Angry residents claim fish have been left for dead after a privately-owned lake in Halifax was drained to make way for a new house.
John Dobson, owner of the lake on Washer Lane in Pye Nest, says he is trying to improve the area for local wildlife after getting planning permission to build a property on the land.
But people living nearby are angry that all the fish in the pond have not been re-homed and say around 15 to 20 fish are still in the lake.
Jackie Sherwood said: “He has planning permission to drain it and build a house but he had to re-home the fish.
“But loads of dead fish have just been left there squirming around in the mud.
“It’s just heartless and cruel. They’ve been laid there for weeks.
“Why would someone leave them to die like that?”
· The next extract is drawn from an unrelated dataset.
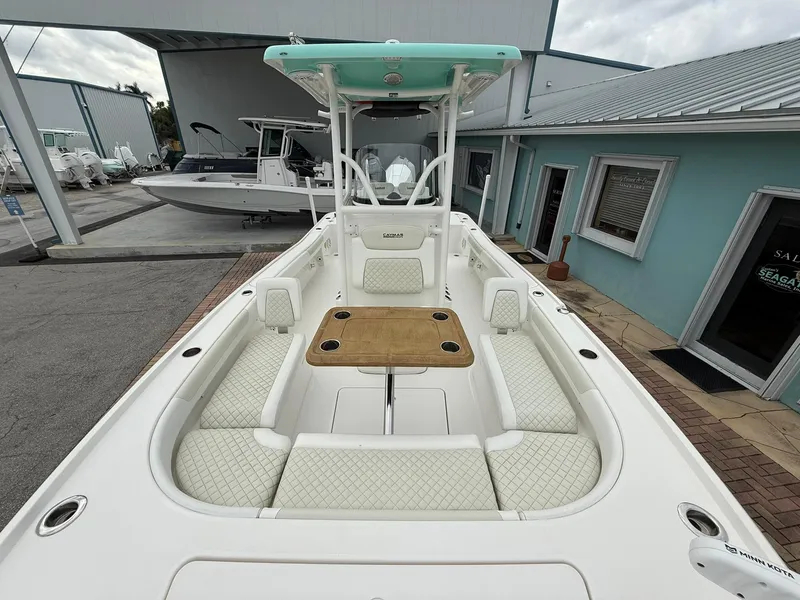 Slide: The Image of 2021 Caymas 26 HB boat with spacious seating and center console, docked near a building. - 34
Another local resident, Ian Worth, said: “There is a duck and its babies stuck on an island in the middle of the pond unable to get off because they’re surrounded by mud.
“I’m disgusted they’ve left fish struggling there.”
John Dobson, who has owned the lake for 12 years, said: “In 2008 the dam burst and a huge amount of water flowed down hill.
“The dam was condemned and was deemed not repairable in the economic constraints.
“In 2010 there were still 100 beautiful carp left and we contacted a guy who came and took the carp out.
“The water level carried on dropping to about six or eight inches and there were 10 of those fish left.
“Underneath the water there is a metre of mud and sludge so it wasn’t easy to get them out.
“We need to drain the pond to give the builders access but there is a plan to re-establish three new 100-square metre ponds.
“It’s part of a process trying to make the area a bit better for wildlife.
“We haven’t let those fish die out of negligence, it just wasn’t possible to take them out.”
Calderdale Council’s Head of Planning and Highways, Geoff Willerton said: “At one stage the pond was an important habitat for amphibian populations, however this is no longer the case. The proposal was accepted on the basis of the creation of new ponds and future habitat management.
“There was no requirement to relocate the fish. While a condition of the planning permission related to the relocation and safeguarding of amphibian populations, the draining of the pond does not require planning permission.”